**Work request**
Where a picture occurs in the data, omit it, and copy all remaining data exactly.

**Source material**

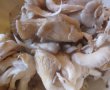 Salata de ciuperci pleurotus cu iaurt, usturoi si patrunjel-1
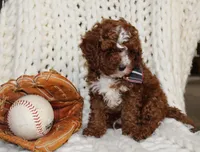 Teddy, a female Cavapoo for sale in Spencerville, IN – Photo 3 of 7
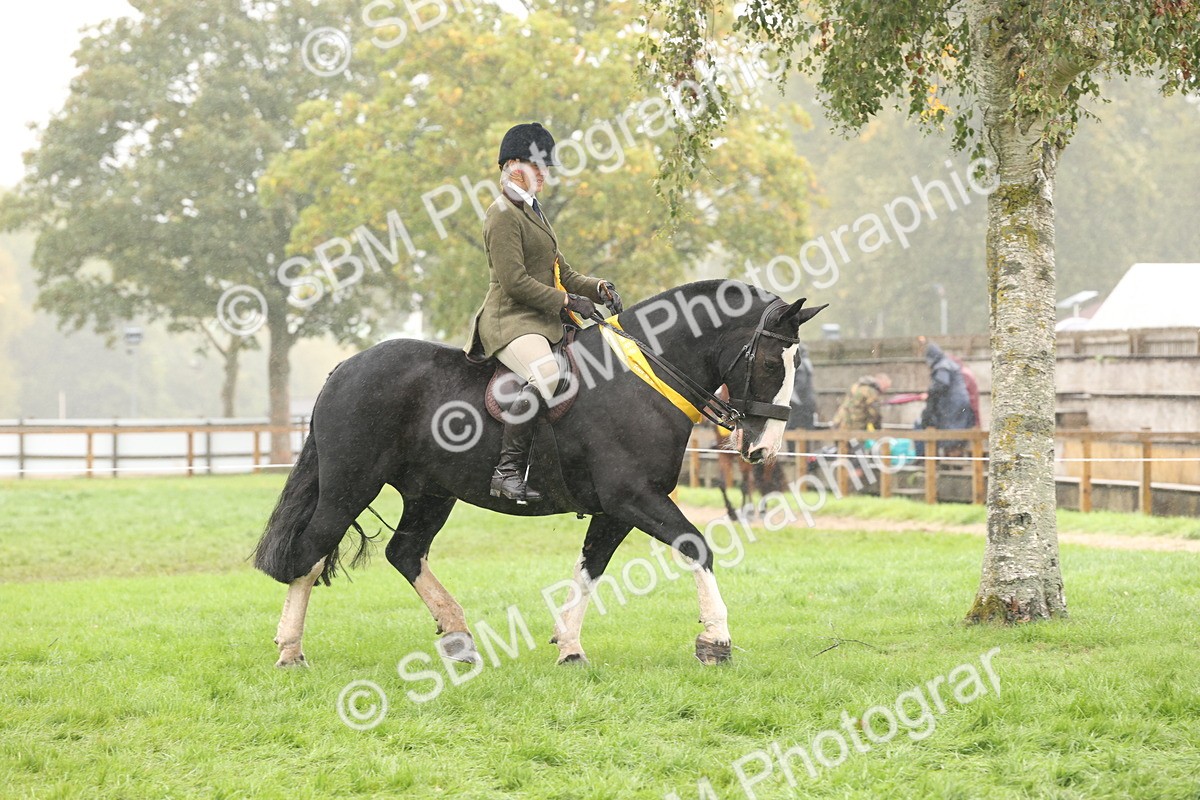 SBM_72896 - Ridden Horse Supreme Championship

**Result below**
 Salata de ciuperci pleurotus cu iaurt, usturoi si patrunjel-1
 Teddy, a female Cavapoo for sale in Spencerville, IN – Photo 3 of 7
 SBM_72896 - Ridden Horse Supreme Championship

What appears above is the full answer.